By: Theo Molkenboer (1871-1920)
Created: 1894-1895, Collection: Drents Museum, Assen, Netherlands Rights: CC-BY-SA
Put on your best concentration face and look downwards - you may be a knitter, you could be reading a book or you could just gaze at your palms. This might work well in a laundry room of towels or a kitchen with an open cupboard of white plates or crockery.
An ode to his mother: that is what the painter Theo Molkenboer had in mind when he painted his mother in front of her linen closet. At that time Molkenboer had only reached the age of 23, but he was already blessed with a big talent.
Molkenboer’s education, at the Rijksakademie Amsterdam and at the architectural office of P.J.H. Cuypers, was funded by his father, the sculptor W.B.G. Molkenboer. Molkenboer was a multilateral artist – a painter, sculptor, glazier, graphic designer and designer of religious applied art.

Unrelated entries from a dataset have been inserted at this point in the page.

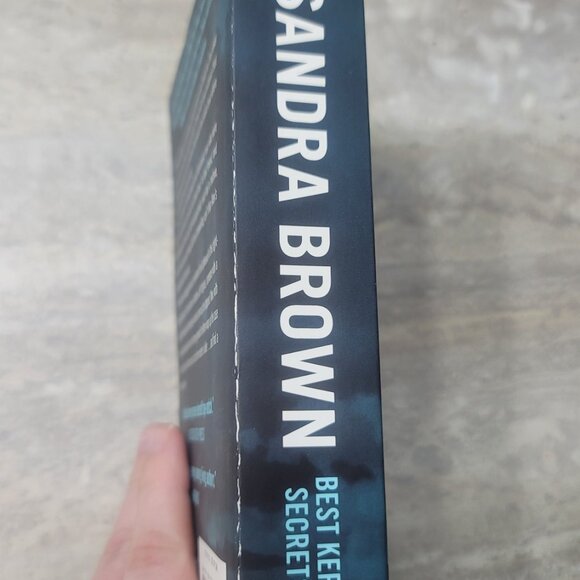 #365 Sandra Brown Best Kept Secrets Book - Picture 4 of 6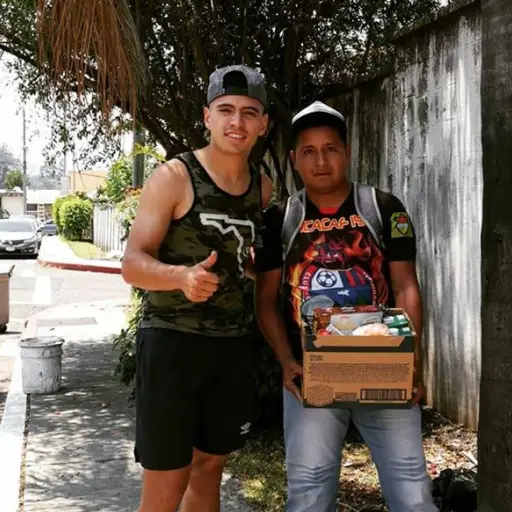 Campaña-Futbolistas-Guatemaltecs-Ayuda ,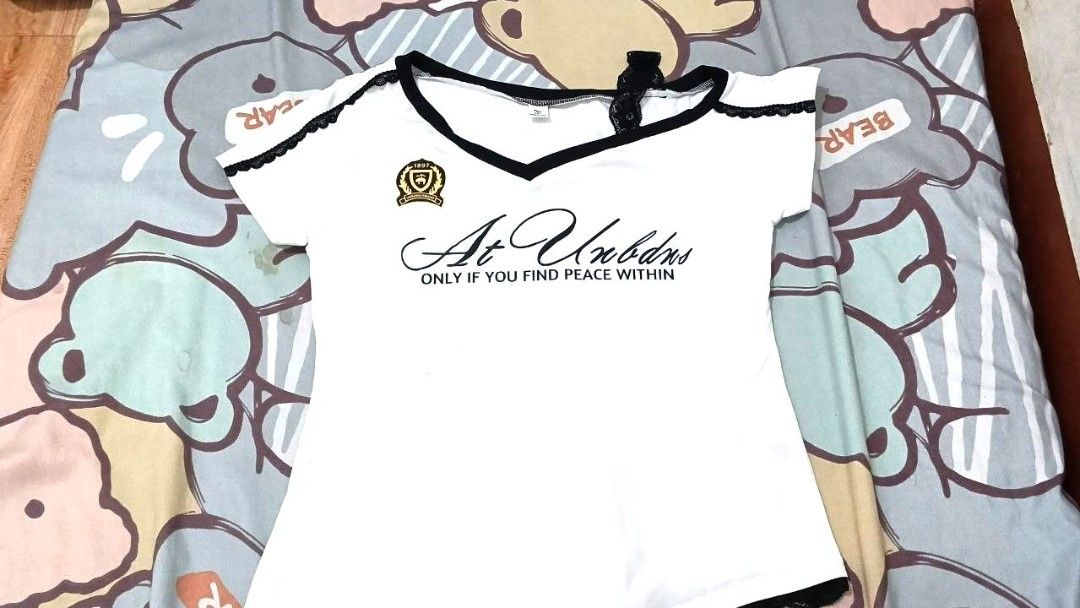 Basic Top (Category: Shirts) located in Manila. Submitted by rxcevii_ (Listing ID 1445249372, Image 1). Description: size : small - medium condition : new, never worn issue : none.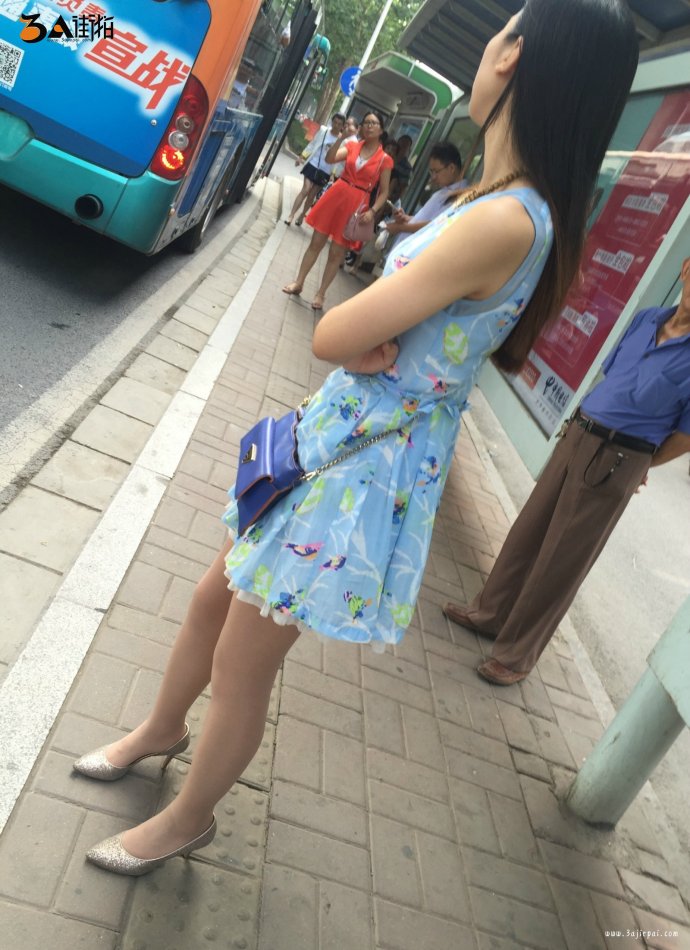 姑娘的大白屁股真白啊!：肥肥白白胖胖妇女 马冬梅 大肥屁股(点击浏览下一张趣图)
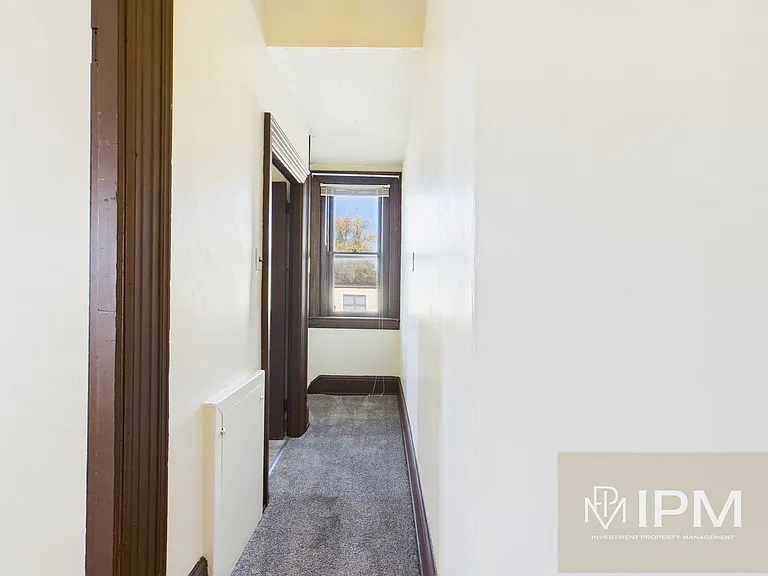 24 N Main St — Photo 8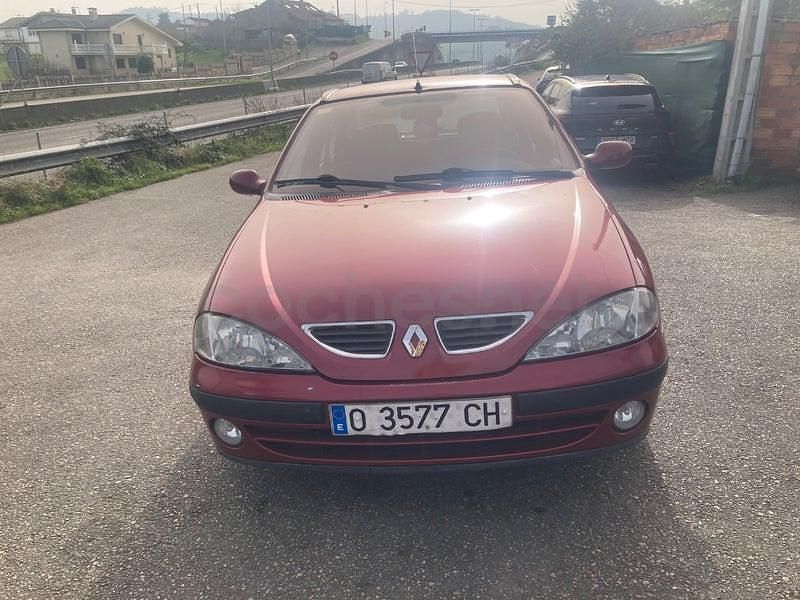 Usado Renault Mégane Authentique 110 CV (80 kW) 2000 Granate Berlina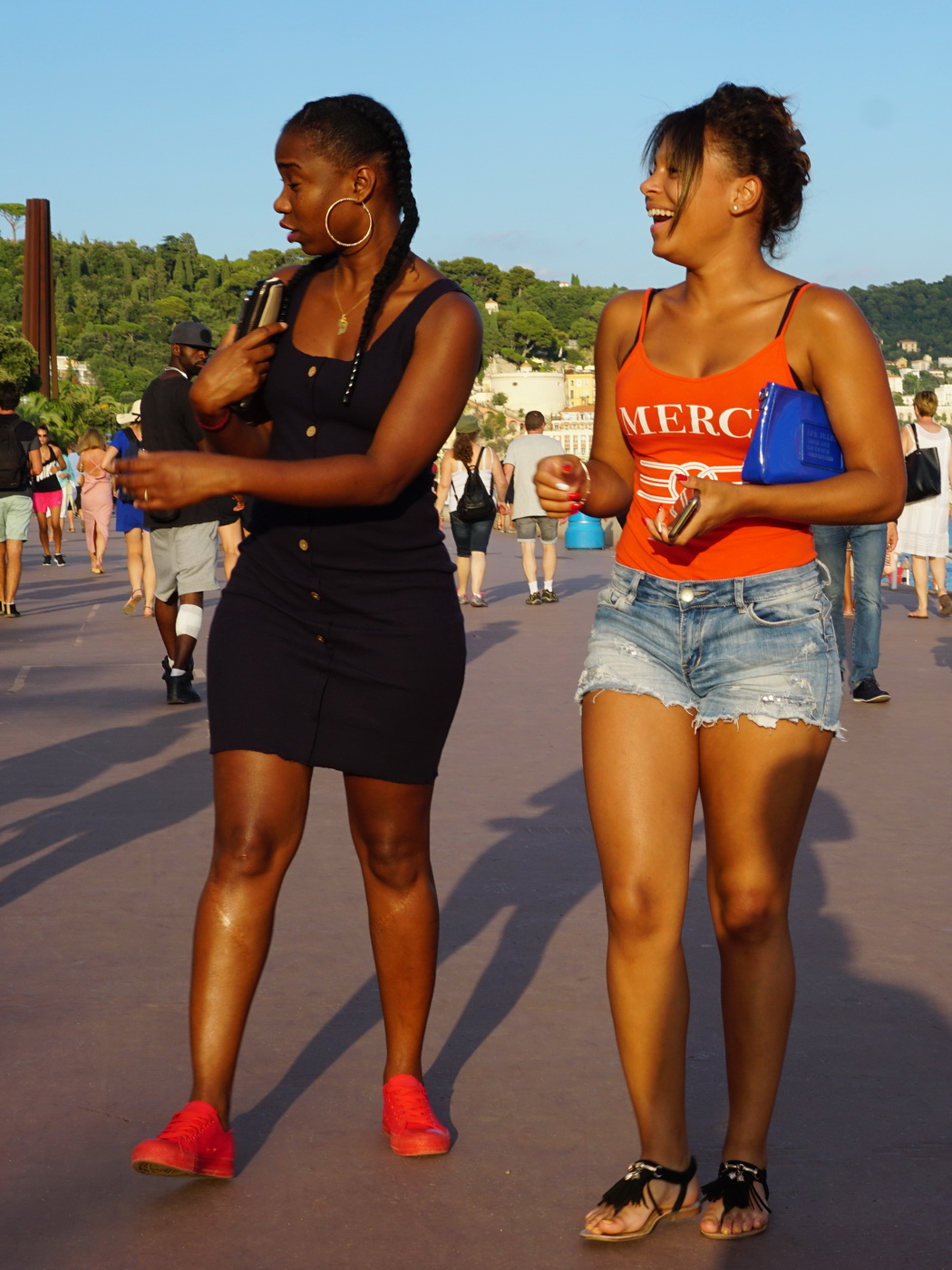 Пешеходы, переходы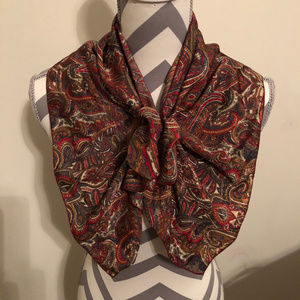 Mademoiselle Scarf with Velcro Closure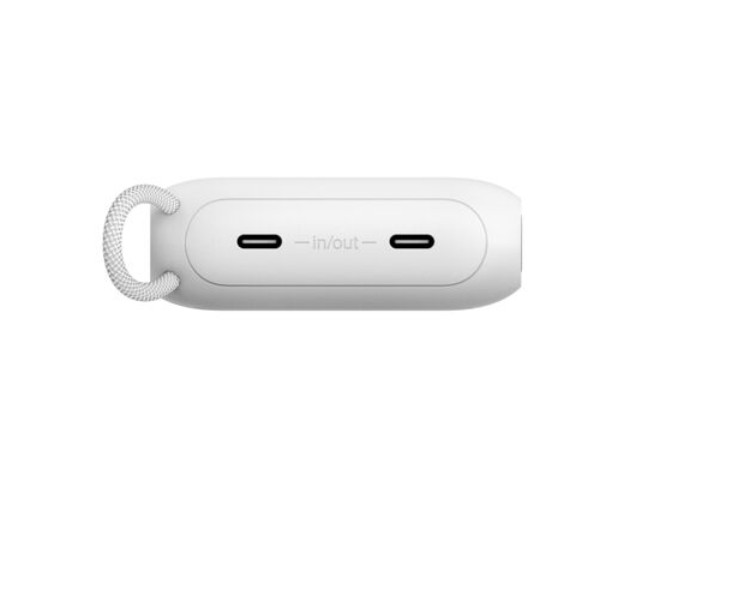 İki USB-C bağlantı noktasına ve bir halkaya sahip beyaz taşınabilir şarj cihazı.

But his biggest talent lay in making portrait paintings.
In this work of art, Molkenboer paints his mother while she’s performing an everyday activity. In that period people didn’t have computer games and television, so people had to make up other things to do and pass the time. Molkenboer’s mum is crocheting while sitting on a red carpet in front of a closet almost completely filled with linen.
At that moment she was 47 years old. Molkenboer’s biggest talent was making portraits, and that is very apparent in this painting. You can almost see his mother frowning in concentration and focused on her crochet.
Molkenboer died in Switzerland while he was on a TB-treatment.